In males, AMH measurement has diagnostic value in early life rather than adult fertility assessment. It assists in evaluating disorders of sex development, particularly in infants with ambiguous genitalia. Detectable AMH suggests functional Sertoli cells and testicular tissue, helping differentiate undescended testes from anorchia. Rare mutations in AMH or its receptor (AMHR2) result in persistent Müllerian duct syndrome, where Müllerian structures persist despite otherwise typical male internal and external genital development.

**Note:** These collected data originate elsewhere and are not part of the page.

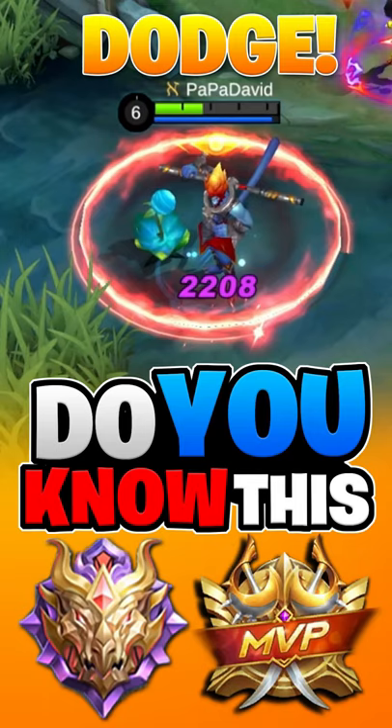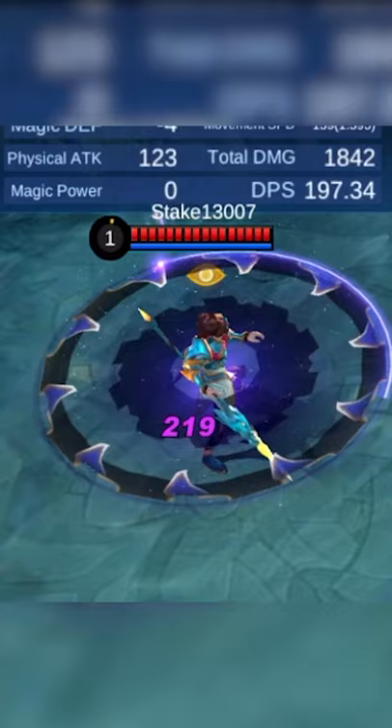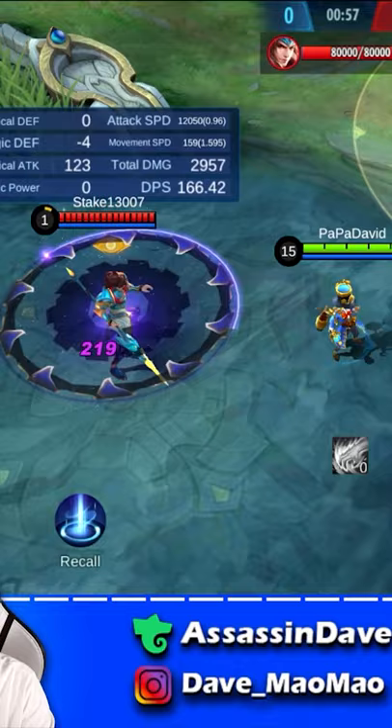How do you dodge Harley's ultimate properly? Harley's ultimate will only expire 4 seconds after initial contact. One easy way to keep track of the exact explosion time is by watching the trail on the outer rim of the ultimate animation. Harley's ultimate will explode once the trace dot finishes the whole circle.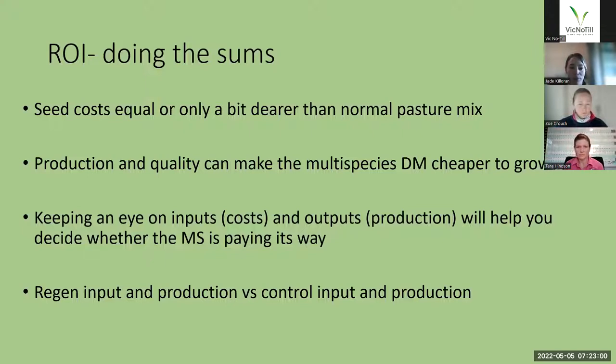Obviously keep an eye on inputs and the outputs — your costs and your production — whatever production measure you choose. Make sure you're looking at it from both a conventional and a regenerative point of view, and especially keep an eye on those input costs. We really need to determine whether the multi-species is financially viable and by how much — the regenerative input and production versus the control input and production — and that production measure needs to be standardized for both the control and the regen side.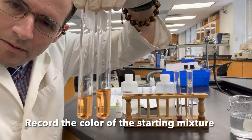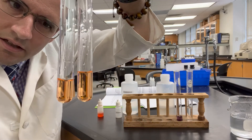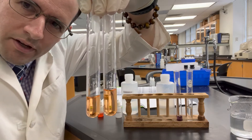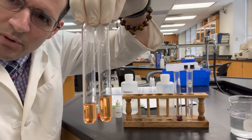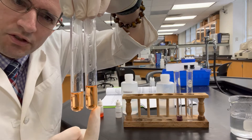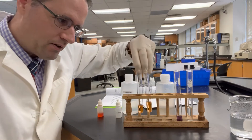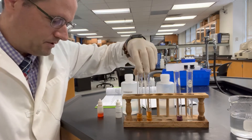In my hand, I have a mixture of sodium acetate and acetic acid. This is the starting color. One of these tubes is not going to be touched — it's going to be our control for reference. We're going to heat and cool one of the tubes and then see: does it change more red or does it change more yellow? By the very end, you should be able to see clearly.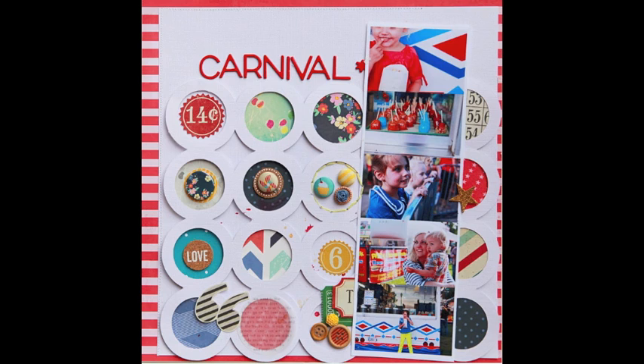Hi Peas, it's Liz Kartchner with another video for the In the Mood to Scrap series.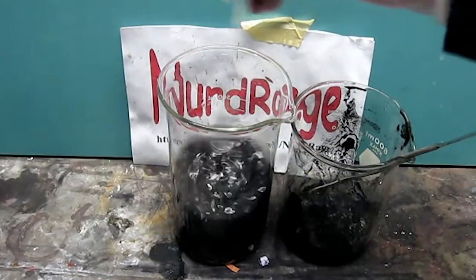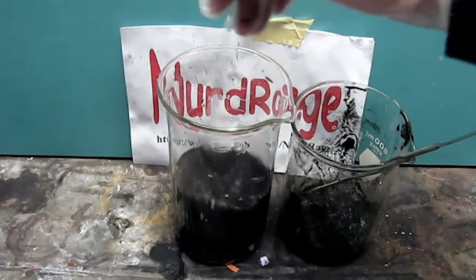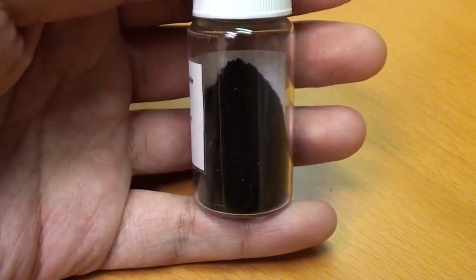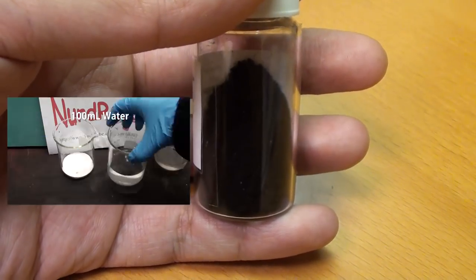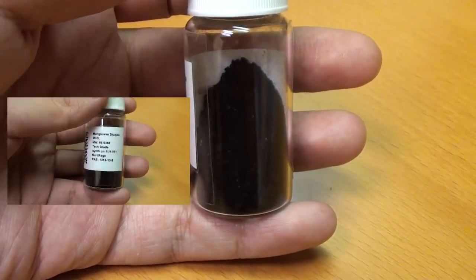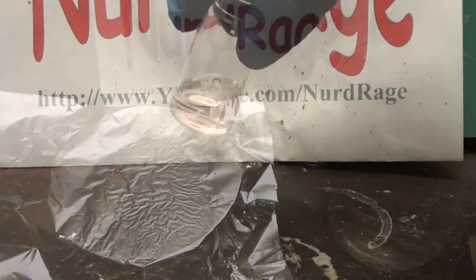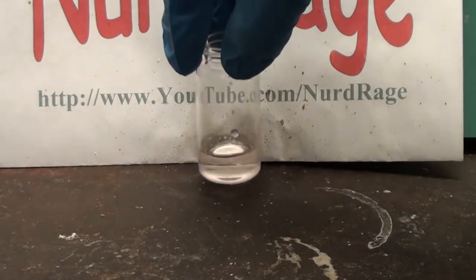The source of the problem with the original method was that we used crude manganese dioxide from batteries. But in another video I showed how to make highly pure manganese dioxide from potassium peroxymonosulfate and purified manganese sulfate. Today we're going to revisit manganese dioxide electrodes, but this time ensuring we make pure manganese nitrate at the start.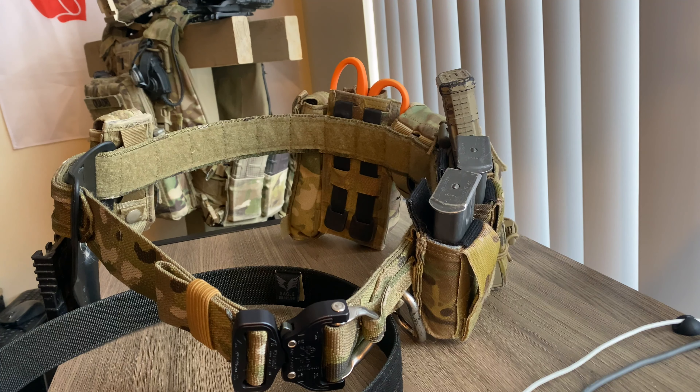What is up, my dudes — it is BB Warrior 13 coming at you with another video review. Today we're going to be reviewing the Operator's Gun Belt from Eagle Industries.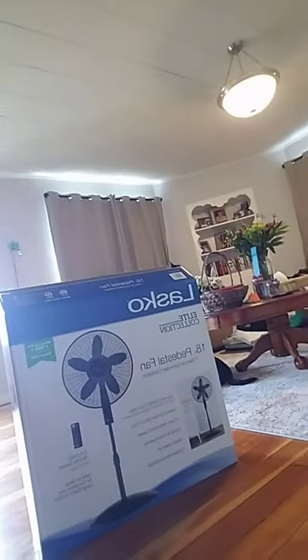This is the fanciest fan I have ever seen. It's the Lansko Elite Collection 18-inch pedestal fan. I put it together in like two seconds. We got it from Costco — my husband refused to buy another cheap $15-$20 fan that would last one season, so we got the big expensive one at Costco for $40.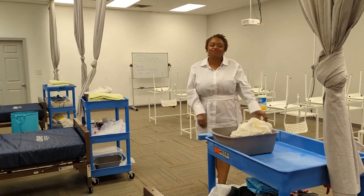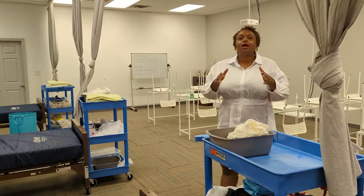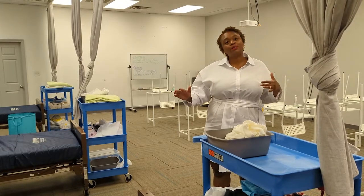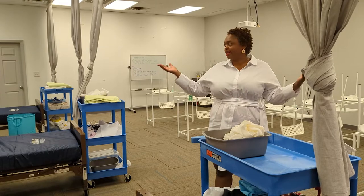Hello everyone, this is Stephanie Victoria here. I am doing a quick demonstration of applying anti-embolism or TED stockings. We're going to go through the whole entire thing — this isn't a long skill at all. We're at Health Care EDU.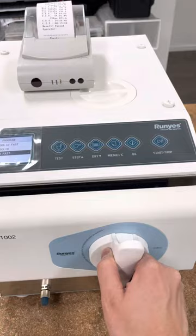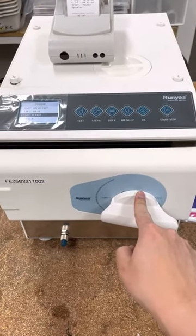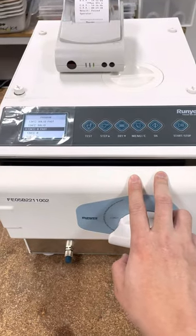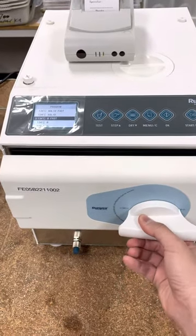The door has a double locking mechanism, which means that when the machine is under high pressure during sterilization, you won't be able to open the door — you'll be locked.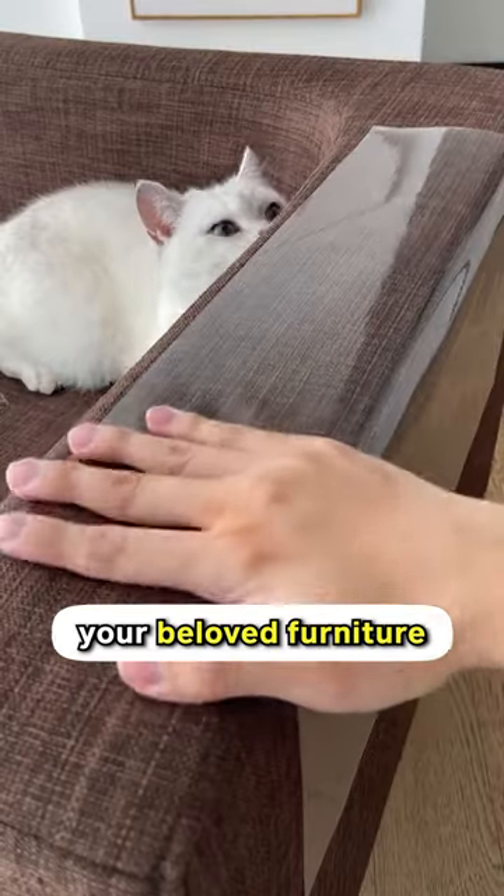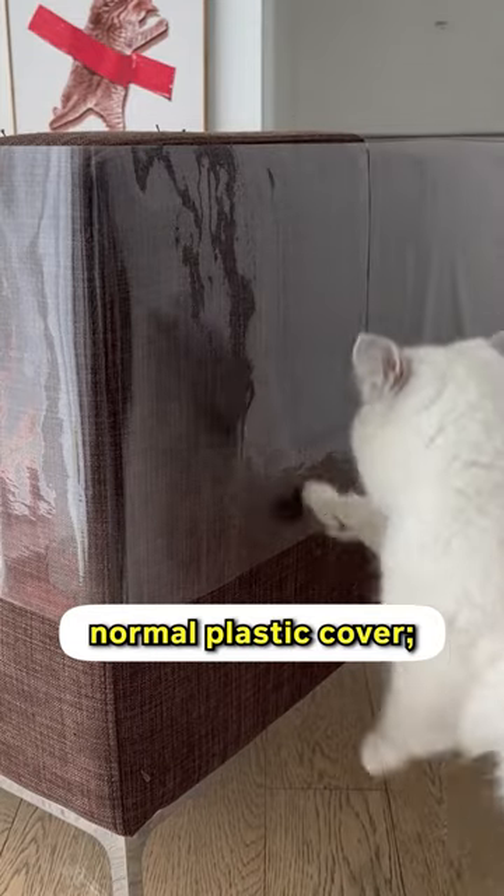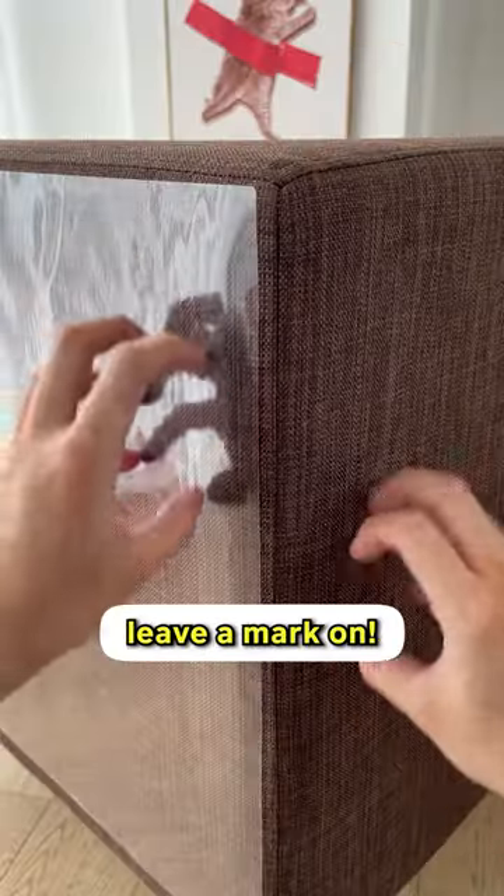This is the protection that you can trust. This tape protects your beloved furniture from cat scratches. No matter how hard they do it, this isn't like a normal plastic cover — it's a scratch-resistant tape that even your own dirty nails can't leave a mark on.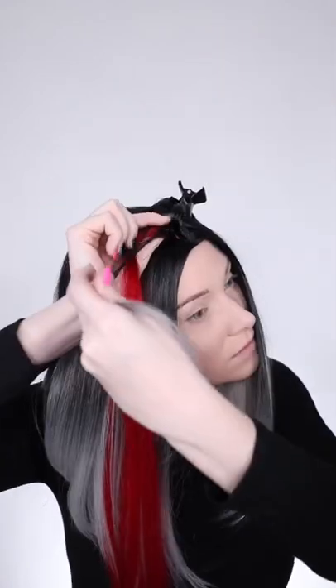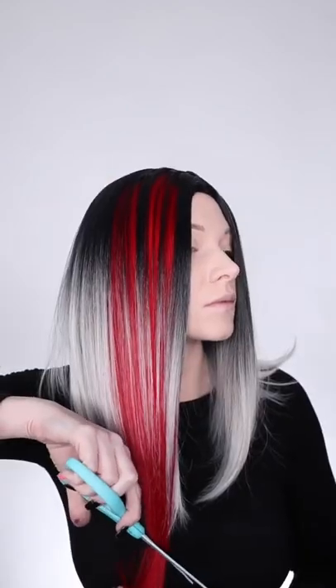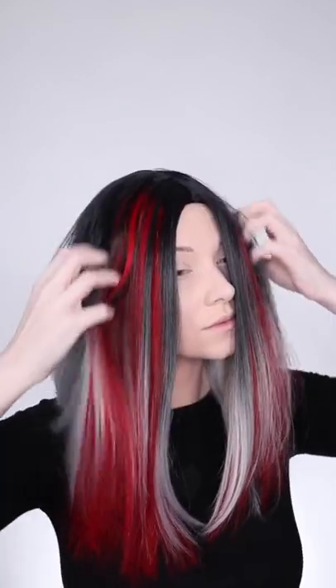I actually couldn't get over it for two days — I'm actually still not over it, to be honest. It was easy to use, and as a bonus, Splat is also vegan and cruelty-free. I then added my tape extensions, cut them, and voila.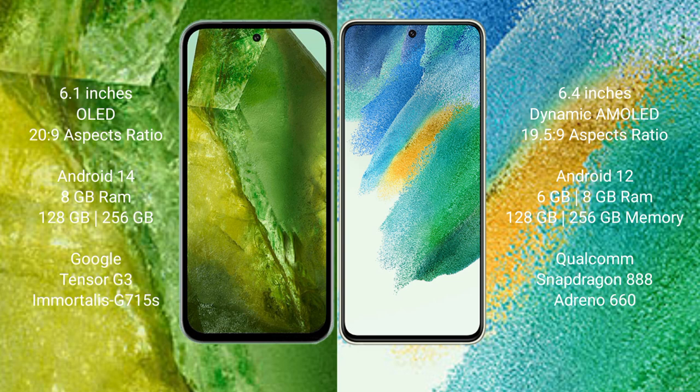Google Pixel 8 runs on the Android 14 operating system. Samsung Galaxy S21 FE runs on the Android 12 operating system. Google Pixel 8 comes with 8GB RAM and 128GB to 256GB internal storage, powered by the Google Tensor G3 processor and Immortalis-G715 GPU.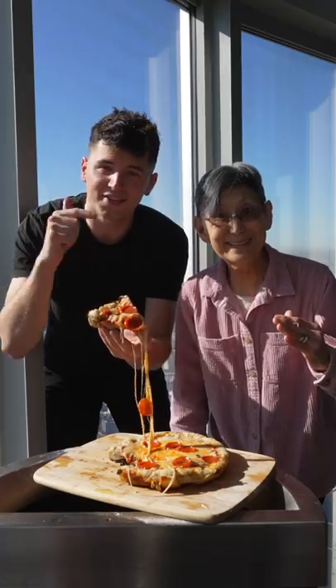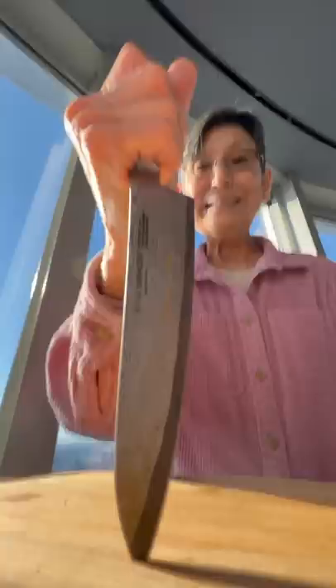Let's make pizza at the top of the Empire State Building. Flour the board, press out your dough, now give it a toss.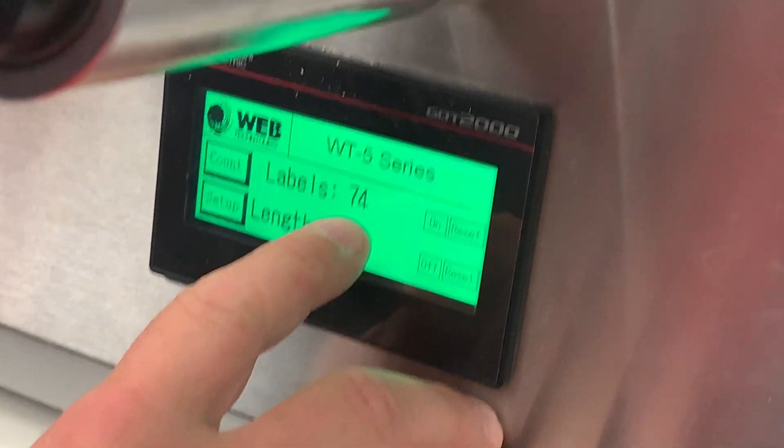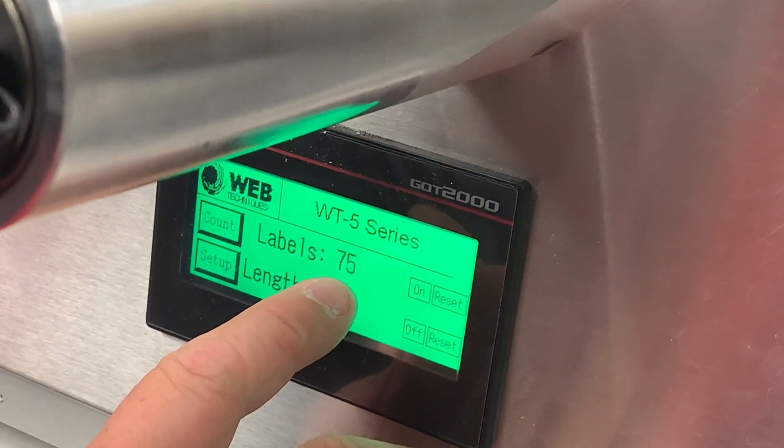As you can see, we're actually triggering on each one of the individual dark marks as they go by, so you're going to have to multiply your quantity times two that you wanted to hit.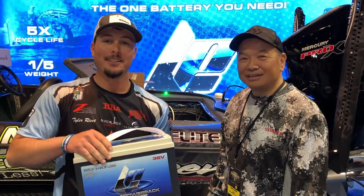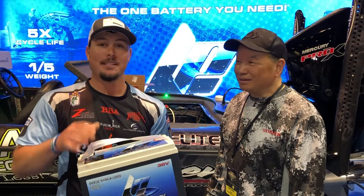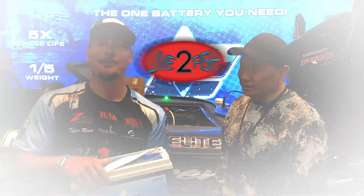These are some great batteries. Y'all come check them out — Lithium Pro's. You need them. It's dependable. You need something dependable on the boat, even with your cranking. Come check them out guys.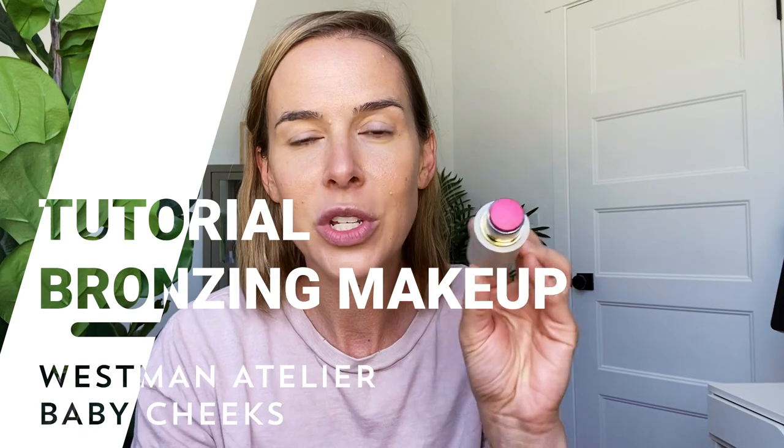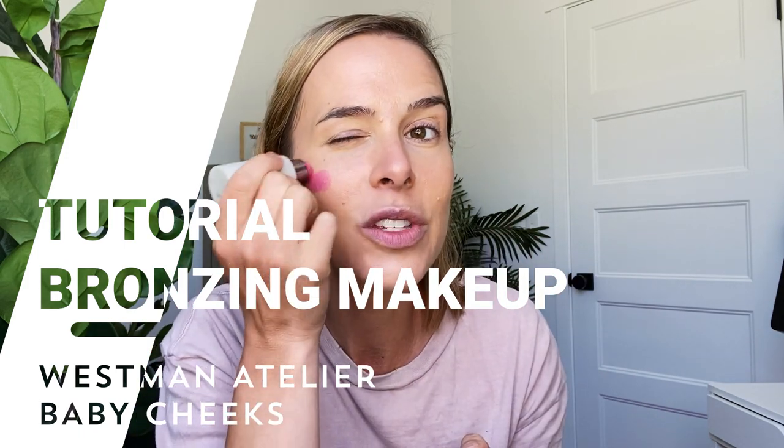Now I'm going to do blush. I'm using Westman Atelier in the color Poppet. I actually have Petal too, which is a little bit more subdued, but I love Poppet for summer — it's so fun and really adds a ton of color warmth. I apply it right on my cheeks and then take the blender brush and rub it in. So pretty — it really instantly warms up my whole complexion. I love this color. It looks so natural, like you just woke up a little flushed.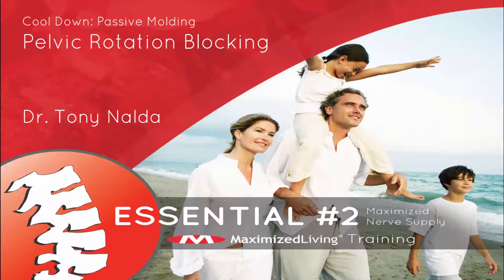Hello, this is Dr. Tony Naldo here. We're talking today regarding our cool-down phase, passive molding, pelvic rotation blocking.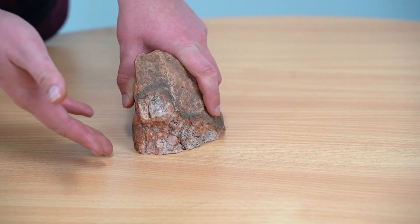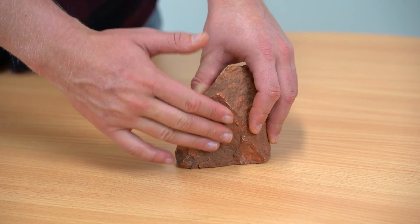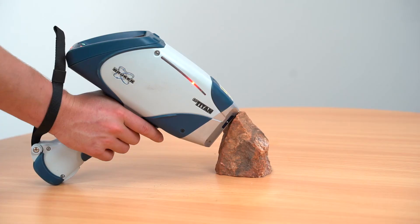When sampling on a rough surface it is more likely for the window to be pierced. To avoid this, try to choose an area that does not have any sharp edges. If this is not possible, hold the instrument just above so as not to pierce the window, but be aware that the quality of your data will be reduced due to the gap between the instrument and the scanned area.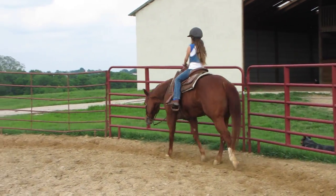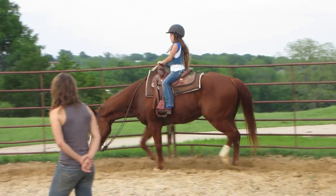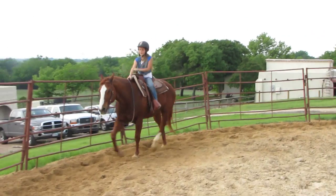Good job. Now sit up really tall. Good job. Bump his mouth a little bit if you need to. Good. Now set your hand back down on his neck. Okay, he's a little bumpy.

Overall, AMH serves as a marker of reproductive potential and developmental integrity rather than active reproductive function. Its clinical utility lies in guiding investigation, counselling, and treatment planning rather than acting as a standalone predictor of fertility.
Concept Check
Why is AMH considered one of the most reliable indicators of ovarian reserve?
Which follicles produce AMH, and why does production decline as follicles mature?
How does AMH help regulate the rate of follicular recruitment and FSH sensitivity?
What does elevated AMH typically suggest in conditions such as PCOS?
What role does AMH play in male fetal development?